━━ Data section

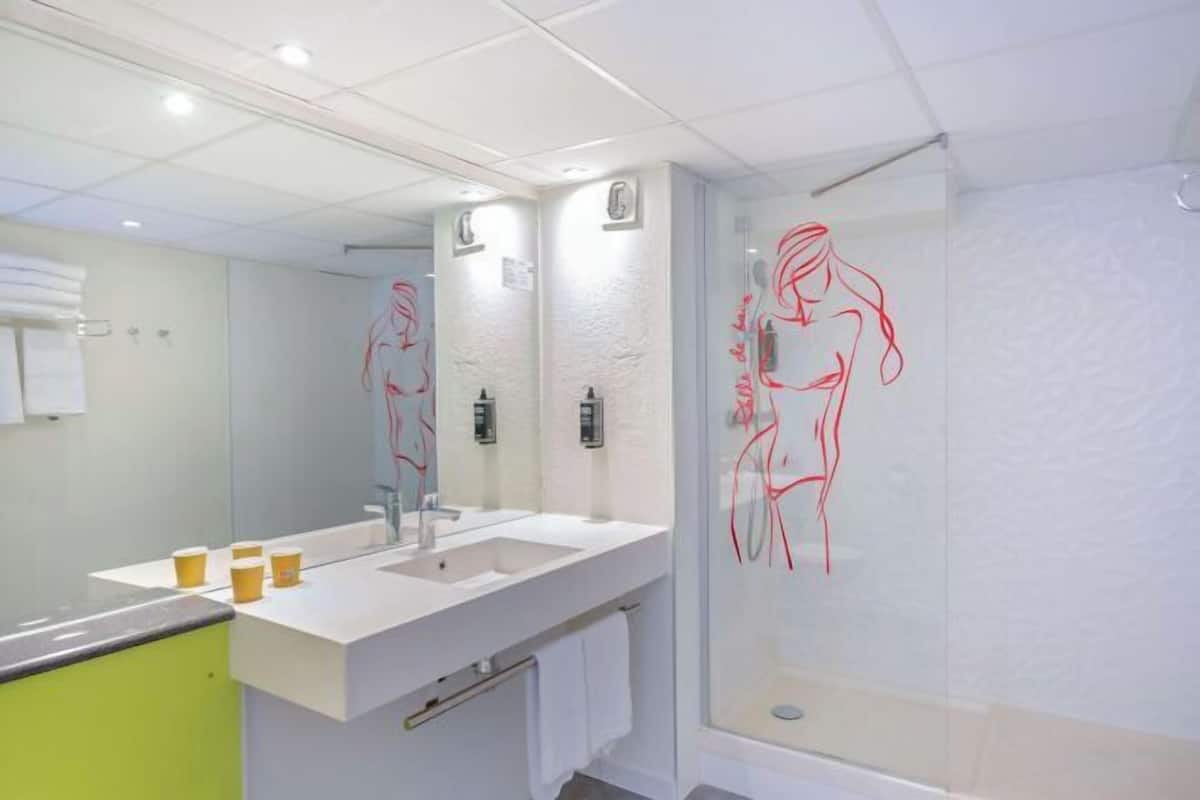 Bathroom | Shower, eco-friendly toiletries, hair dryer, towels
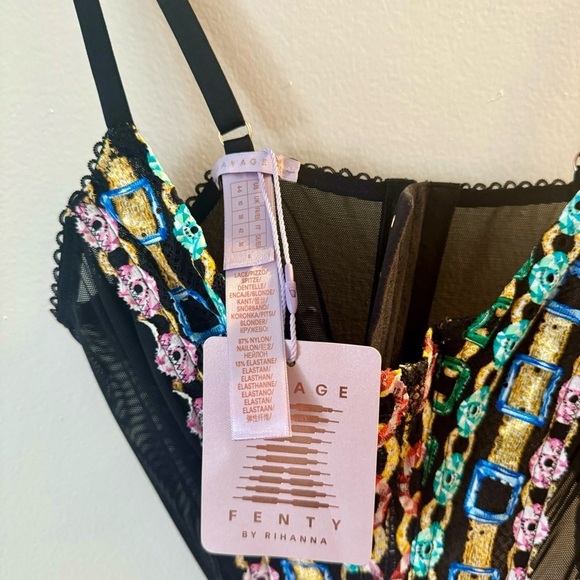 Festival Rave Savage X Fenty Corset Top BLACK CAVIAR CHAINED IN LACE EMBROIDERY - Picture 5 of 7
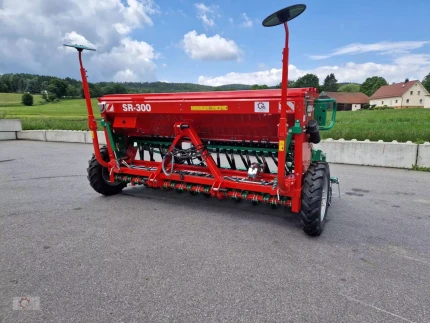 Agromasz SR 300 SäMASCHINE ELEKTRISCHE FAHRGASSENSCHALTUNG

━━━━

Exercise instructions: Give the listing above again exactly, minus any images.

Reply:
 Bathroom | Shower, eco-friendly toiletries, hair dryer, towels
 Festival Rave Savage X Fenty Corset Top BLACK CAVIAR CHAINED IN LACE EMBROIDERY - Picture 5 of 7
 Agromasz SR 300 SäMASCHINE ELEKTRISCHE FAHRGASSENSCHALTUNG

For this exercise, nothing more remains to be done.